WHAT TO WORK ON — Find the line below with "İmamoğlu'nun yargılandığı diploma" and the line with "Neon Musuem". Output exactly those lines and everything between them, leaving out the pictures.

GIVEN ENTRIES —
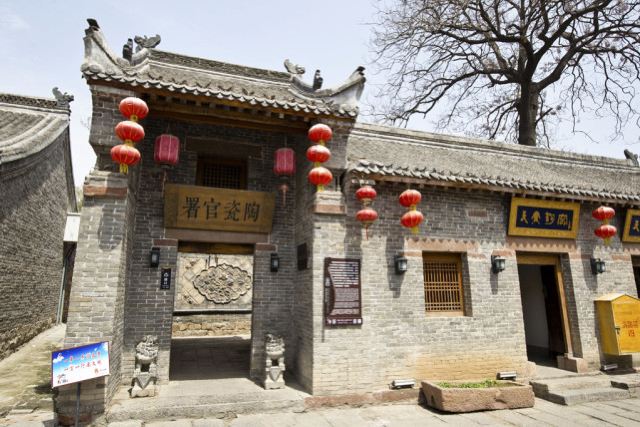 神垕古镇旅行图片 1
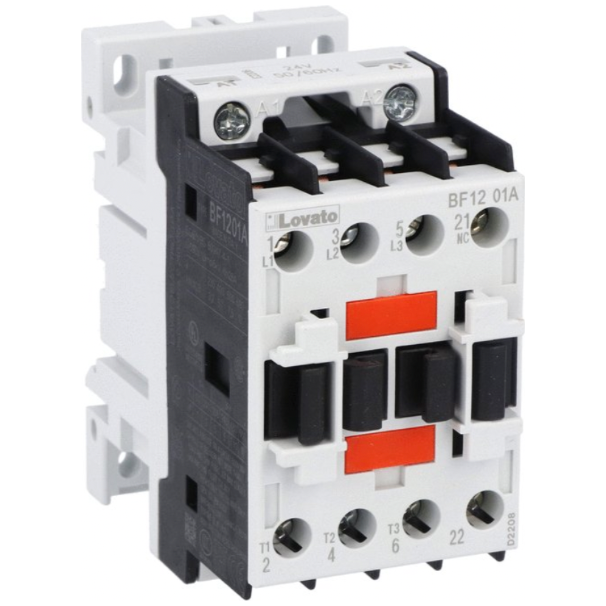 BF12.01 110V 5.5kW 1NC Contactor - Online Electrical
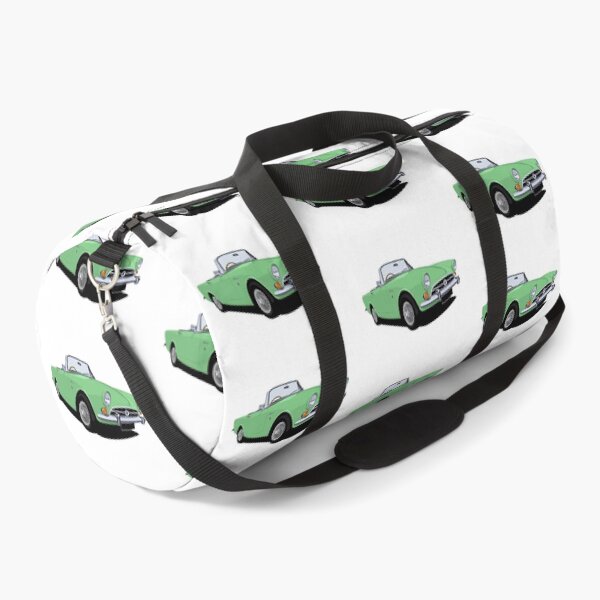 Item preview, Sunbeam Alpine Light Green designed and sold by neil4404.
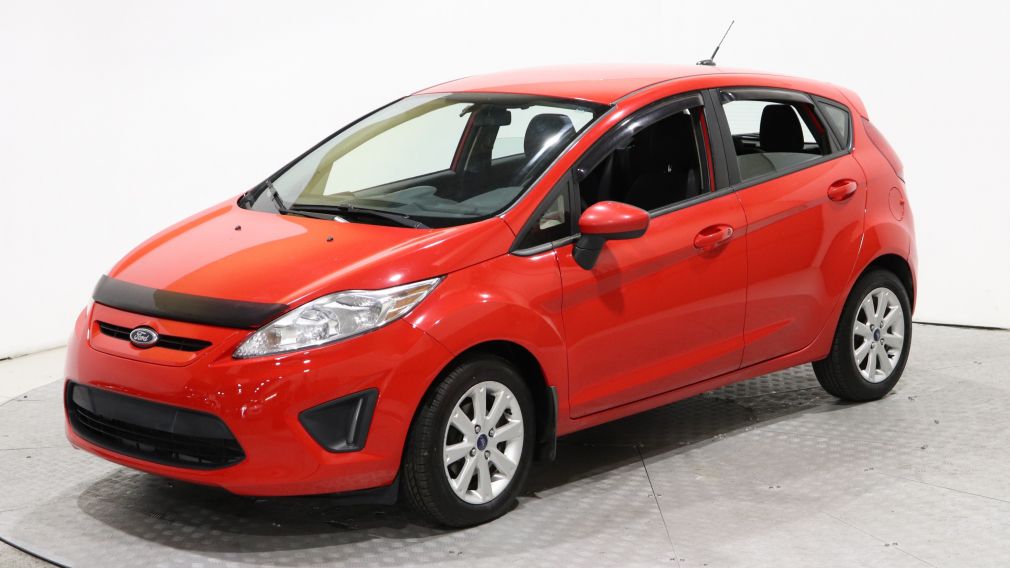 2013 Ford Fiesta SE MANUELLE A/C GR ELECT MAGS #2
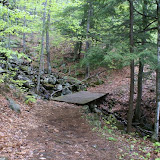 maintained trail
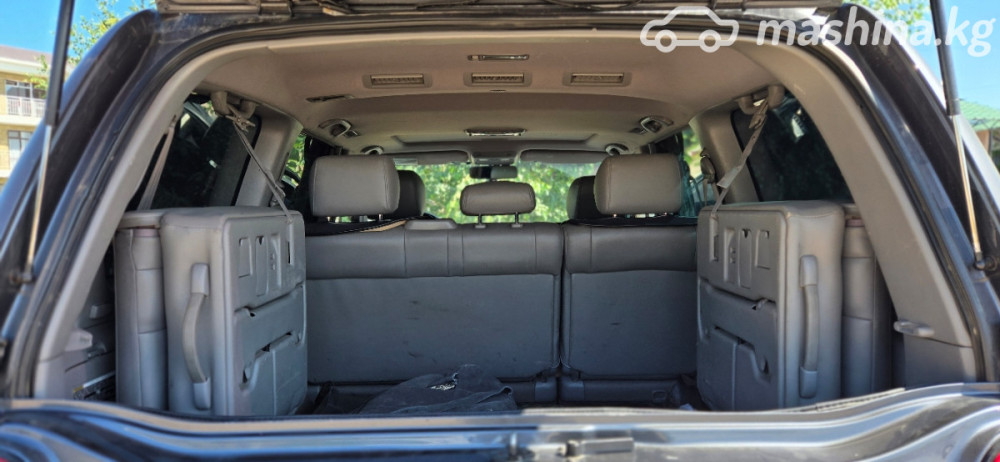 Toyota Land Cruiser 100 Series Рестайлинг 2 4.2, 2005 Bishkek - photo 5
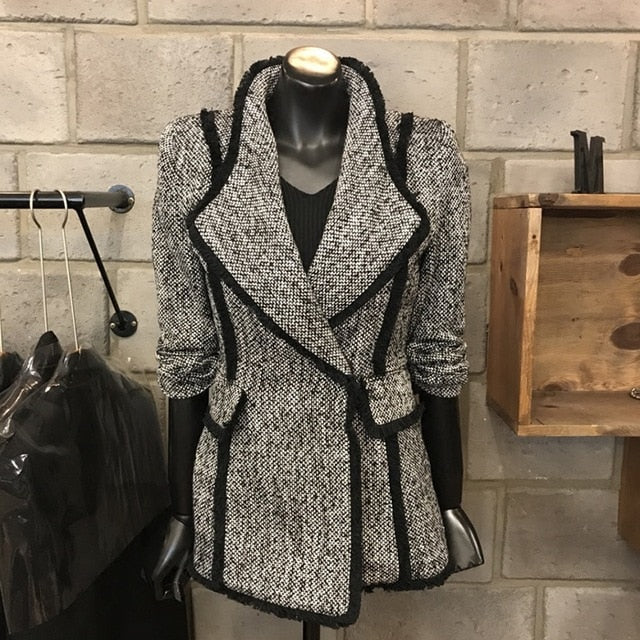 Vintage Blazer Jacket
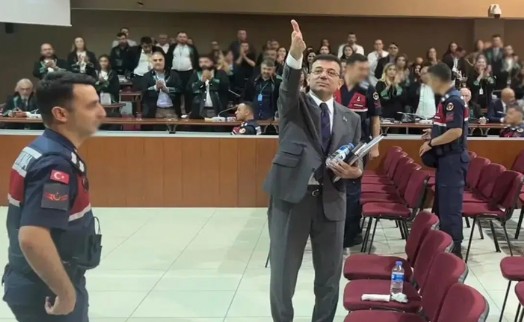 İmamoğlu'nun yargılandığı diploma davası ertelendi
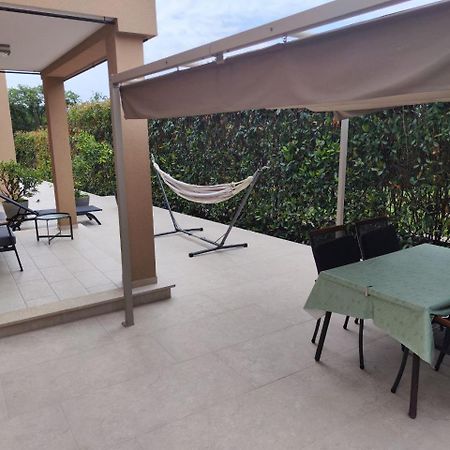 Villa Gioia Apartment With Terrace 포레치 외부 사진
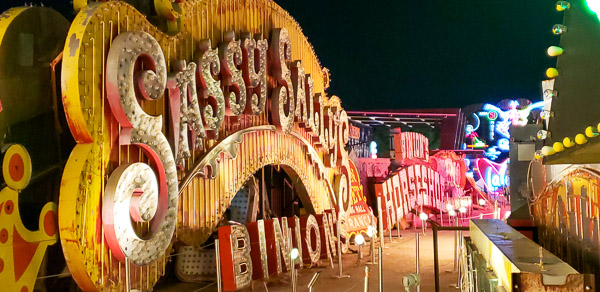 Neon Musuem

--

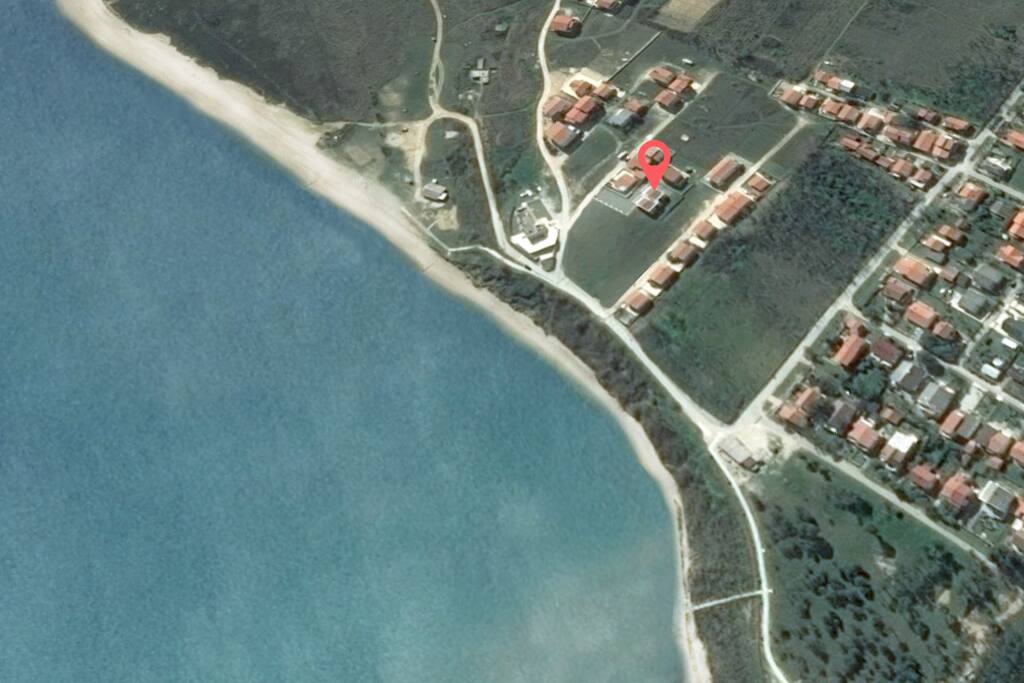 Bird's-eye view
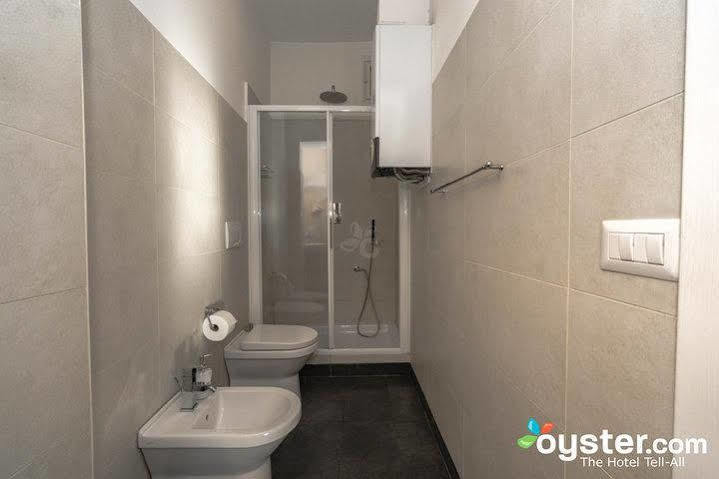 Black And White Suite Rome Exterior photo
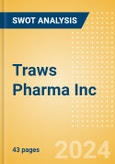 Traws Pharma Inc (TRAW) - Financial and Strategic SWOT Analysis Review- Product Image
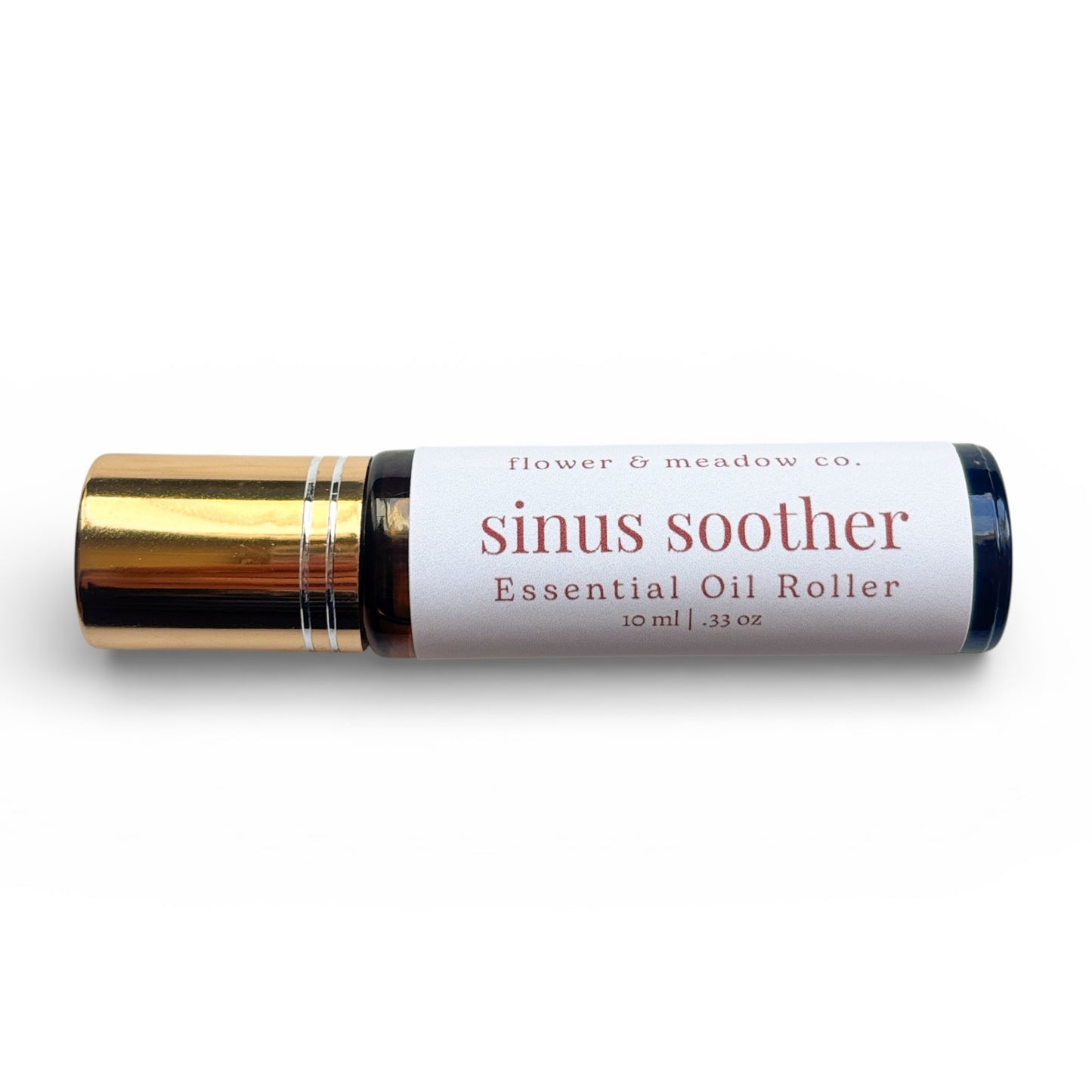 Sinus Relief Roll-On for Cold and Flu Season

COMPLETED EXERCISE —
 İmamoğlu'nun yargılandığı diploma davası ertelendi
 Villa Gioia Apartment With Terrace 포레치 외부 사진
 Neon Musuem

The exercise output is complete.